The earth revolves round the sun in one year. If distance between then becomes double the new period will be years. (A) \(0.5\) (B) \(2 \sqrt{2}\) (C) 4 (D) 8

Short Answer

Expert verified
The new period will be \(2 \sqrt{2}\) years.

Step by step solution

01

Write down the given information

The Earth revolves around the Sun in one year, so the period T₁ = 1 year.
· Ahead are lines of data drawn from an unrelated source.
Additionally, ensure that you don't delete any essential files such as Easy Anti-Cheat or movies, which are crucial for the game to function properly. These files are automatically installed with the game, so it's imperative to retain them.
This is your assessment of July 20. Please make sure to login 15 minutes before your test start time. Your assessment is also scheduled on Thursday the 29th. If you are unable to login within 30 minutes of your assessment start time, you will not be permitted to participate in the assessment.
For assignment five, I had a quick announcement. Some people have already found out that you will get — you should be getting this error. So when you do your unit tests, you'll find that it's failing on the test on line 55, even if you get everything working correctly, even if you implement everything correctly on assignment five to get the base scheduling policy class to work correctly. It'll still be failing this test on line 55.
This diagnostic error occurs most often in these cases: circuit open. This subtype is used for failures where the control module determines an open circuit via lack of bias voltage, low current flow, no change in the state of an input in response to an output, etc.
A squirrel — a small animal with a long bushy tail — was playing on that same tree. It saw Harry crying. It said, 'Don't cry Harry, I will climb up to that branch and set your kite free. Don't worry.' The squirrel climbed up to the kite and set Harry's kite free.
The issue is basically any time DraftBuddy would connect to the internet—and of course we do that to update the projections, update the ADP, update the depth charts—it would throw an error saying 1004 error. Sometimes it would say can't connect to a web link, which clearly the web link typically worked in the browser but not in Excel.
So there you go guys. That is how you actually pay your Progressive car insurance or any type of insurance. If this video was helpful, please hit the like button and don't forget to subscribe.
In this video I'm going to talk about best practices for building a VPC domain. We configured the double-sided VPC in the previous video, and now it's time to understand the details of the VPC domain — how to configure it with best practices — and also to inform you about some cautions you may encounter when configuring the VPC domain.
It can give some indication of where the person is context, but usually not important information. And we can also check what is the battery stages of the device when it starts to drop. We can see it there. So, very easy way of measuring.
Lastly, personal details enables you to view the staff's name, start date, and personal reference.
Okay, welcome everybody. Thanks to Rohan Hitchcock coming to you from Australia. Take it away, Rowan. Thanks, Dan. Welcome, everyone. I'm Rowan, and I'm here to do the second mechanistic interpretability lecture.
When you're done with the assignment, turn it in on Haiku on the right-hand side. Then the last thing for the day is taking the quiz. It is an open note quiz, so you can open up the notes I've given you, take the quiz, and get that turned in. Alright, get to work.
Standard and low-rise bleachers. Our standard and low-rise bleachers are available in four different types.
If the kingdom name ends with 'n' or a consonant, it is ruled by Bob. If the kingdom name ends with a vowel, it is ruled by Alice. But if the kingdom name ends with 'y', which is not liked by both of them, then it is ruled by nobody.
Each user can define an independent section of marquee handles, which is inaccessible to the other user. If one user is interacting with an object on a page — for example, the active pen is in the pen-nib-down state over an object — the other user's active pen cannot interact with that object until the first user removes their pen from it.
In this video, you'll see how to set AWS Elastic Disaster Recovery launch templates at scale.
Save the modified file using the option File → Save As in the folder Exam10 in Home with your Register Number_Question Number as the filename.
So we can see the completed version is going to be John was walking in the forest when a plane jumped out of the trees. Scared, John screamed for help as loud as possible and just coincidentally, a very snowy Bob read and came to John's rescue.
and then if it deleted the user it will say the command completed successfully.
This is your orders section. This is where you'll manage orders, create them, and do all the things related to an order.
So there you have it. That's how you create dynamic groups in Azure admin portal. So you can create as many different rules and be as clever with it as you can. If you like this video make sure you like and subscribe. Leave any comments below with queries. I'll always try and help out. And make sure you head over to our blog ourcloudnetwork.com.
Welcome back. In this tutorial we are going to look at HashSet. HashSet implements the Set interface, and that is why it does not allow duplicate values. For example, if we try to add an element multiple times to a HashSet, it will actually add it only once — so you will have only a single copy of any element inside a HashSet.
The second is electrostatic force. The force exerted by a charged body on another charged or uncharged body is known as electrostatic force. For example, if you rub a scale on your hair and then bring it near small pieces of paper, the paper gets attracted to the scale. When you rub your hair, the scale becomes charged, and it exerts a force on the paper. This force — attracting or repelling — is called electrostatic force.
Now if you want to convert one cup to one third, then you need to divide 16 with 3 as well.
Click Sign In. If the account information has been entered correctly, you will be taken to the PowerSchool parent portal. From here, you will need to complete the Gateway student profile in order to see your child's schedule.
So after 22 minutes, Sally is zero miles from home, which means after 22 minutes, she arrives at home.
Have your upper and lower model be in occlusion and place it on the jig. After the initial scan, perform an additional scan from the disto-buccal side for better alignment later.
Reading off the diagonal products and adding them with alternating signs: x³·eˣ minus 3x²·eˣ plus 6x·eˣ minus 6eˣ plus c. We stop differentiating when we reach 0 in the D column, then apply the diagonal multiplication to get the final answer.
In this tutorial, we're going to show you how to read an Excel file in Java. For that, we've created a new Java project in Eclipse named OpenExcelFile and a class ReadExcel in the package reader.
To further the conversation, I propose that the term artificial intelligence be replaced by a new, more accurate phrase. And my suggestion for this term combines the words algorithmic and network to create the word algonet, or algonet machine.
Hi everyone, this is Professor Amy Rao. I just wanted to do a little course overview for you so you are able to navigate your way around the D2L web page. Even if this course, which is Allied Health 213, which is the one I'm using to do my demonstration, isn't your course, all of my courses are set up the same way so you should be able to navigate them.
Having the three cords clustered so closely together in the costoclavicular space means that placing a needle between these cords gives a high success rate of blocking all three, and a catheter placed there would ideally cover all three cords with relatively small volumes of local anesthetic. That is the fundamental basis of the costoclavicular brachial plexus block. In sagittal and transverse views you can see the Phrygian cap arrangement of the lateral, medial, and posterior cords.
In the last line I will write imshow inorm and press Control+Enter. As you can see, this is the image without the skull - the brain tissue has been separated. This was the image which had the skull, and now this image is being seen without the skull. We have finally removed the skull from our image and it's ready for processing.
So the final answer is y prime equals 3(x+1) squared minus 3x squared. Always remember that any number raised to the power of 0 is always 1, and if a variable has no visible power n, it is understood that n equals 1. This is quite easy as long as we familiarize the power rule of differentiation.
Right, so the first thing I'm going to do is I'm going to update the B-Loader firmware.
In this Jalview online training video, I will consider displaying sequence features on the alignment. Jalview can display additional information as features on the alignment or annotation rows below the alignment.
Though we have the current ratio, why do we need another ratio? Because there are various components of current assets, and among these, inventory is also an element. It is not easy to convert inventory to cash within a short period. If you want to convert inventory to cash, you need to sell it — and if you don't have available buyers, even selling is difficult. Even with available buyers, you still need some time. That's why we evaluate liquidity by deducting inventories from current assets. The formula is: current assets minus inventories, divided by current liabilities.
We need to find the new period, T₂, when the distance between them becomes double.
02

Apply Kepler's Third Law

According to Kepler's Third Law, the square of the period of a planet is directly proportional to the cube of the semi-major axis of its orbit: \(T^2 \propto a^3\) Where T is the period of revolution and a is the semi-major axis.
03

Set up a proportion

Since we're given that the distance between the Earth and the Sun doubles, we can set up a proportion using Kepler's Third Law: \(\frac{T_1^2}{a_1^3} = \frac{T_2^2}{a_2^3}\) We know that \(a_2\) is double that of \(a_1\), so we can substitute \(2a_1\) for \(a_2\): \(\frac{T_1^2}{a_1^3} = \frac{T_2^2}{(2a_1)^3}\)
04

Substitute given values

Now, we can substitute the given values: \(T_1 = 1\) year and \(a_2 = 2a_1\): \(\frac{1^2}{a_1^3} = \frac{T_2^2}{(2a_1)^3}\)
05

Simplify and solve for T₂

To solve for T₂, we can simplify the equation: \(\frac{1}{a_1^3} = \frac{T_2^2}{8a_1^3}\) Now, we can cross multiply: \(8a_1^3 = T_2^2 \cdot a_1^3\) Notice that both sides have the same \(a_1^3\) term, which we can divide to cancel it out: \(8 = T_2^2\) To solve for T₂, we take the square root of both sides: \(T_2 = \sqrt{8}\)
06

Write the final answer

By solving, we find: \(T_2 = 2 \sqrt{2}\) Thus, the new period will be \(2 \sqrt{2}\) years, which corresponds to the option (B).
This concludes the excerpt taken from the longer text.